Shares of Internet retailer
hit a new low Wednesday, as rumors circulated that large institutions were unloading the shares.
At one point the stock was off nearly 20% at $6.85; it recently traded at $7.79, off 80 cents, or 9.3%.
The drop caught many who follow the company off guard. "I'm mystified by it," says Eric Von der Porten of West Coast money management firm Leeward Investments, who owns put options on the stock, a bet that share prices will fall. "Maybe there's some news leaking out there, but maybe people just decided to sell."

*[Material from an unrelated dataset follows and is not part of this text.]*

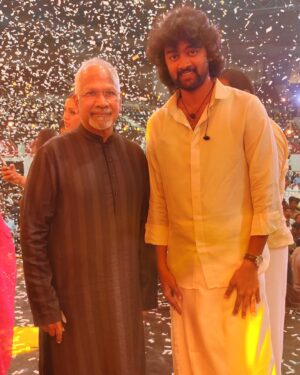 Raju Jeyamohan Instagram - சோழர் பரம்பரையில் ஒரு Emcee! 😎  @karthi_offl bro  #maniratnam sir!  #jeyamravi bro!  #ponniyinselvan2 @lyca_productions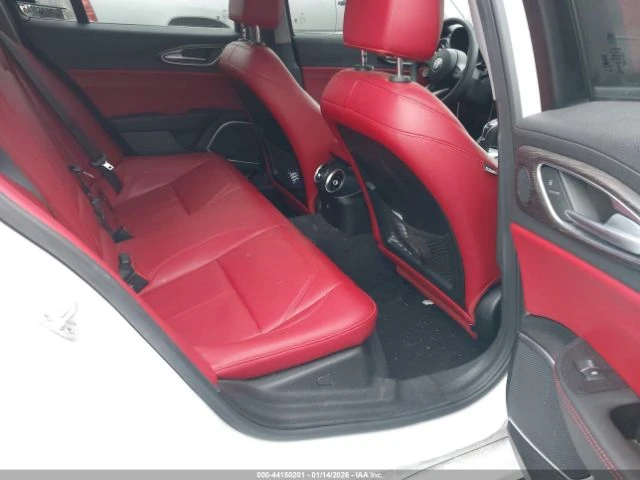 Alfa Romeo Giulia TI AWD, снимка 12 - Автомобили и джипове - 53451996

The heavy volume in the stock -- nearly 17 million shares, nearly triple the daily average -- and the number of large block trades suggest that some large institutional shareholders may be selling. Legg Mason is the largest institutional shareholder in Amazon; no one at the firm was available to comment on its Amazon position.
"I just think there's some big guys bailing," says Shawne Milne, who covers the company for
Soundview Technology Group
. "From a fundamental perspective, there isn't anything terrible new."
In addition, some worry that July was a dismal month for Amazon. An Aug. 31 article in
The Wall Street Journal
reported that ComScore, a research firm that tracks sales at online retailers, estimates that Amazon's July sales fell 9% from the prior month, excluding international and services revenue.
Seattle-based Amazon has vowed to become profitable, on a limited basis, in the fourth quarter of 2001, a promise it reiterated even as it lowered revenue guidance in its
most recent quarterly report. Still, its shares have plunged more than 90% from their peak.